**Aim of the task**: Look for the line with "Geox, Herren Slipper, Schwarz"; please transcribe it and every later line in the entries exactly, up to the end, leaving pictures out.

───── Supplied entries ─────

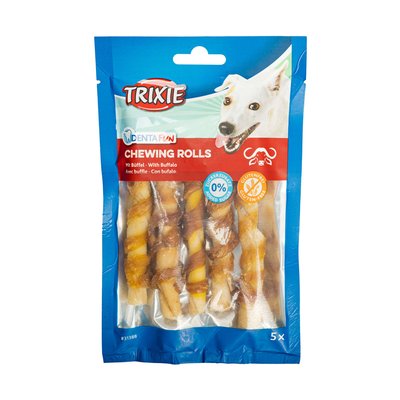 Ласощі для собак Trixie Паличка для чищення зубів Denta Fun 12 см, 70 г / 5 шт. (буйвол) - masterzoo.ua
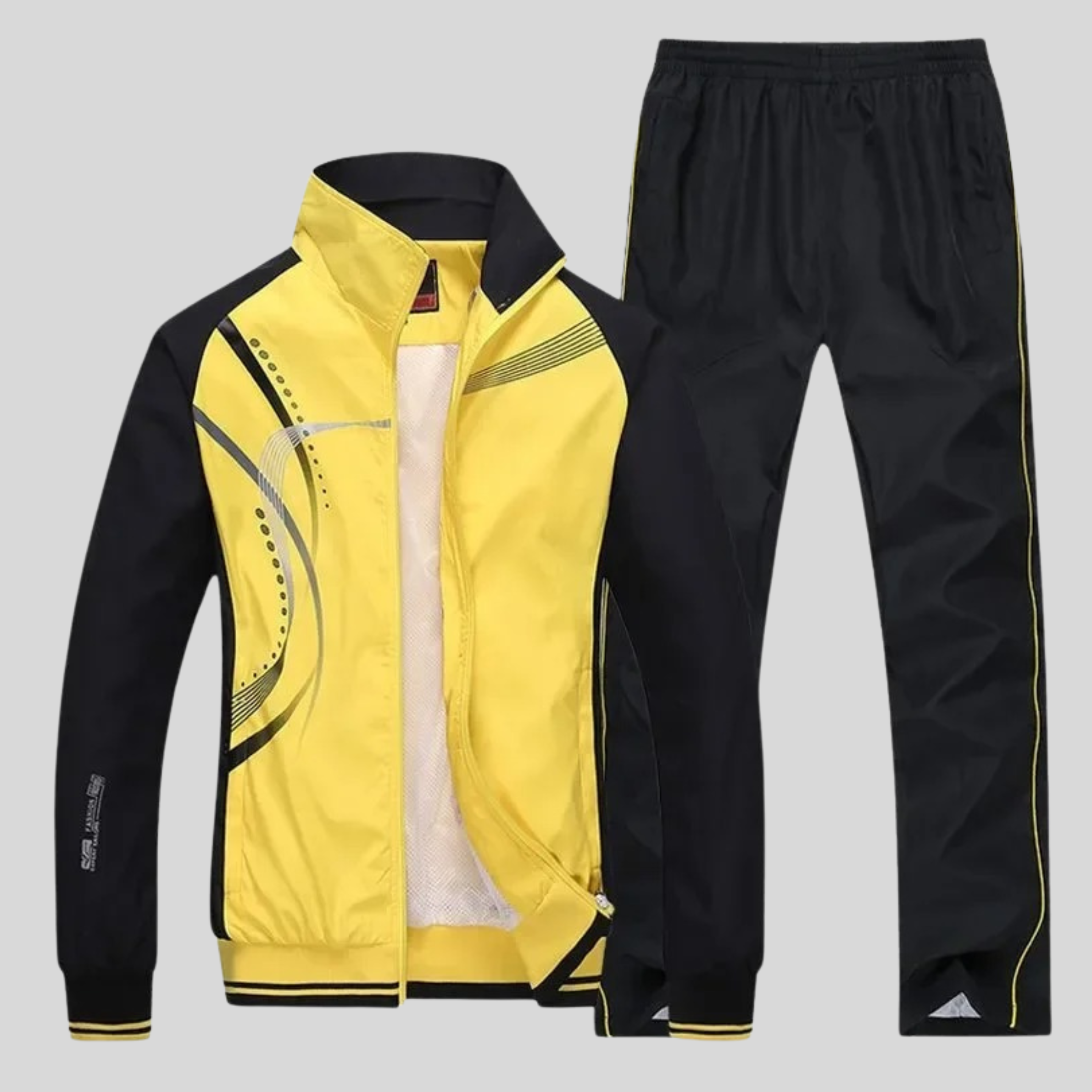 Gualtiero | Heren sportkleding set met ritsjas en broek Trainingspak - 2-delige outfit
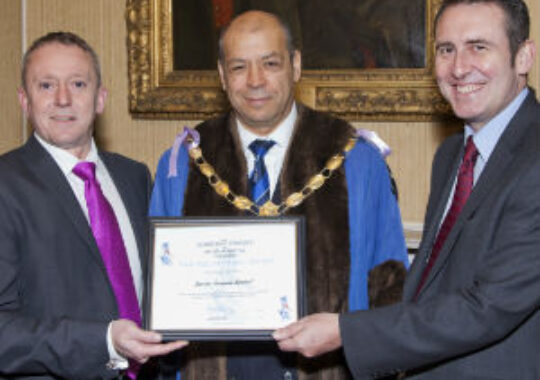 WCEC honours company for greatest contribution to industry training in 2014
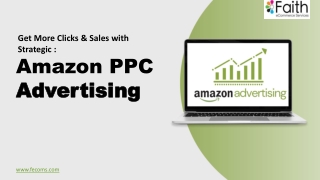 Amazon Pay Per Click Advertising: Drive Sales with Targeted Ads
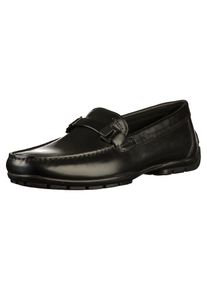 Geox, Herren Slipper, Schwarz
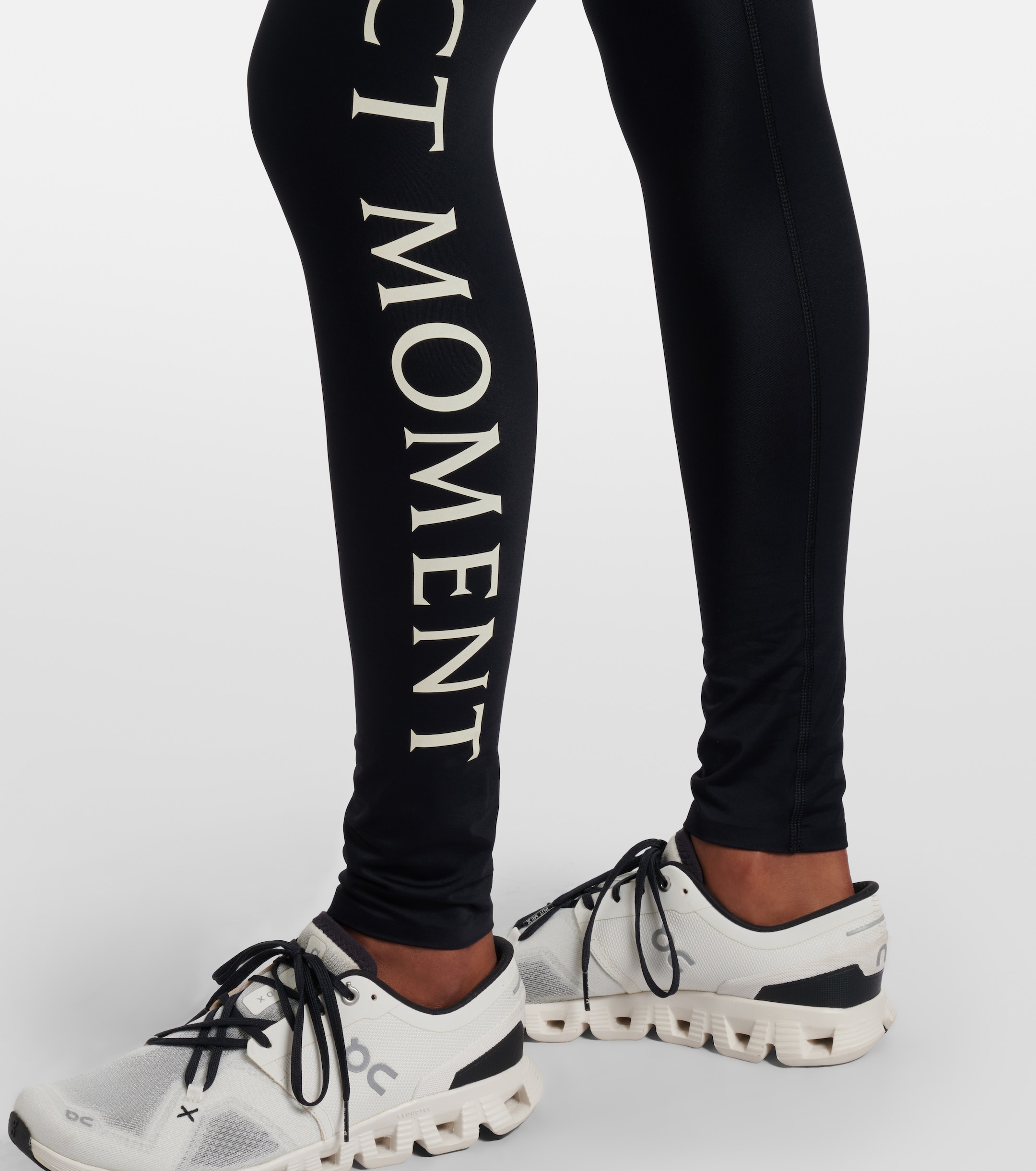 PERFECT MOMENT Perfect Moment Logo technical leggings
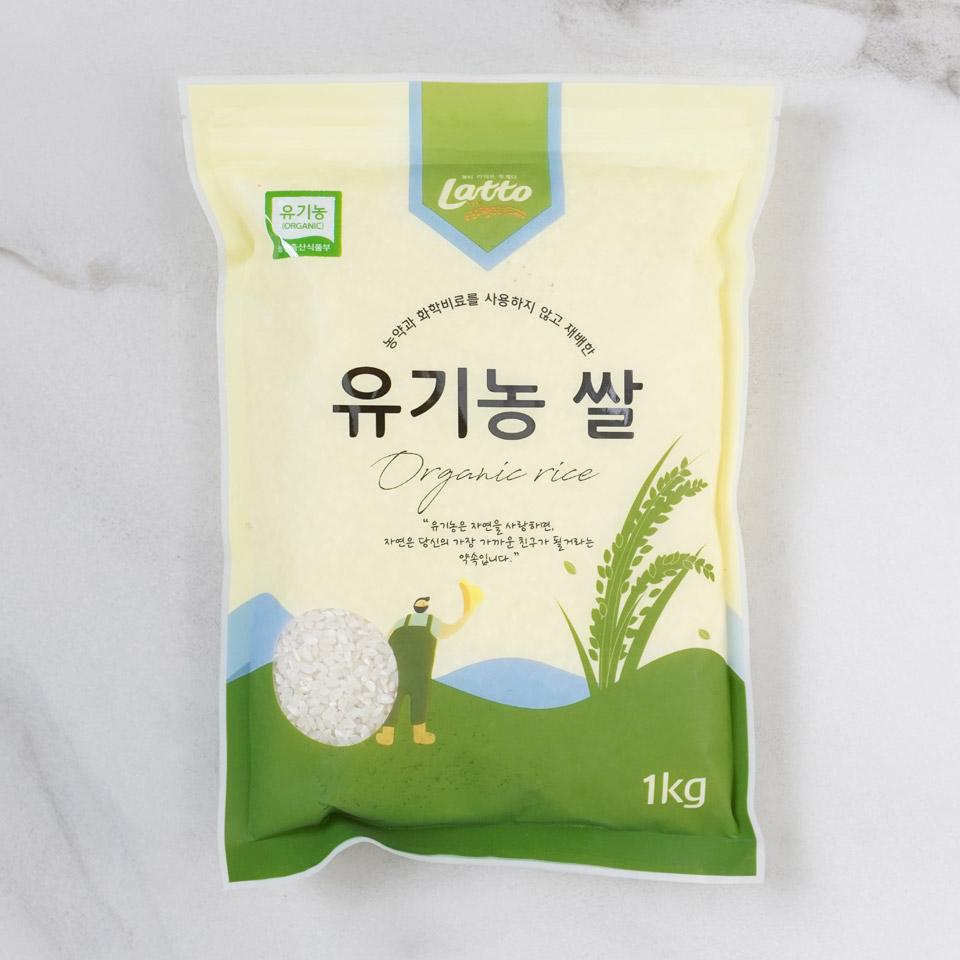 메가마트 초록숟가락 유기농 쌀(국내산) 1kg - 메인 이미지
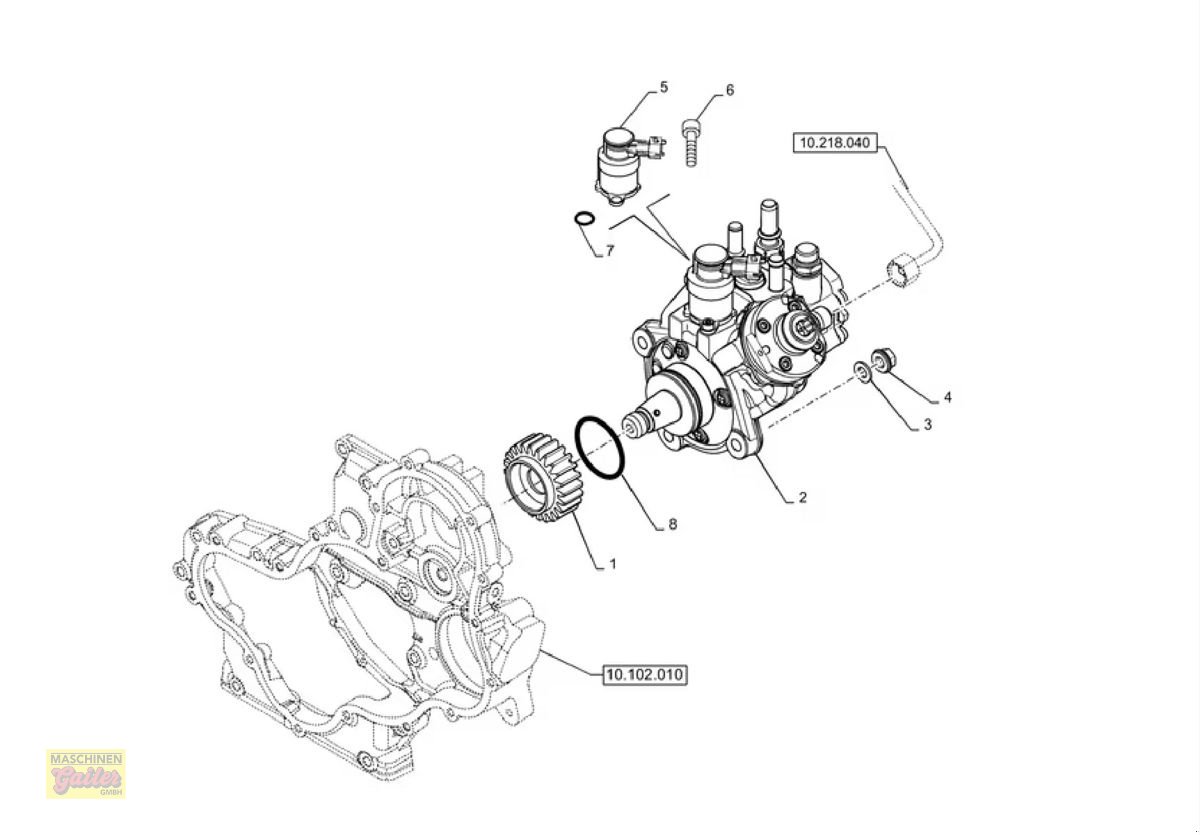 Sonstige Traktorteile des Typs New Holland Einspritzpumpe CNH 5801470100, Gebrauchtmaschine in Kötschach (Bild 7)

─────

**Problem solution**:
 Geox, Herren Slipper, Schwarz
 PERFECT MOMENT Perfect Moment Logo technical leggings
 메가마트 초록숟가락 유기농 쌀(국내산) 1kg - 메인 이미지
 Sonstige Traktorteile des Typs New Holland Einspritzpumpe CNH 5801470100, Gebrauchtmaschine in Kötschach (Bild 7)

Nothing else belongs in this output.